She is currently studying radio, television and documentary film
production at North Carelian College.
Latif Ahmadi (Kabul)
The director born in 1950 in Kabul finished his studies to become
a certified engineer in 1975 and founded the film production firm
Ariana in the same year. He has since then produced a number of
advertising films and worked as a cameraman. In the early 1980s,
he worked for Afghan television. In 1982 he produced the feature
film Farar ("Escape") and in 1986 Parandaha-ye Mohajer
("Birds of Passage"). From 1986 to 1992 he was the director
of the state-run film production company Afghan Films, and from
1992 to 1994 the cultural attaché to Tajikistan. He has been
living in Afghanistan again since 2002 and was again appointed the
director of Afghan Films in 2004.
Khaleq Alil (Kabul)
He completed his studies in religious law at the University of Kabul
at the beginning of the 1970s and then studied to become a film
director at the state film academy in Moscow (WIGK).

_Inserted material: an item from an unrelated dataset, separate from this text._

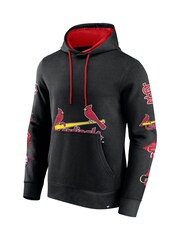 Fanatics MLB St. Louis Cardinals Fanatics Fundamental Pullover Black Hoodie - Image 2 of 3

For five years
he was president of the state film institute Afghan Films and shot
a number of documentary films and three feature films in Afghanistan.
He is currently living in the Ukraine.
Nacir Alqas (Kassel)
The director, who was born in Kabul in 1956, completed his studies
to become a film director. He worked as a director and actor with
Afghan Films and Afghan TV. He also hosted and produced numerous
television shows. After an assassination attempt on him he emigrated
with his family to Germany in 1996 and has been living in Kassel
since then. In 2006 he co-produced the film Zendan.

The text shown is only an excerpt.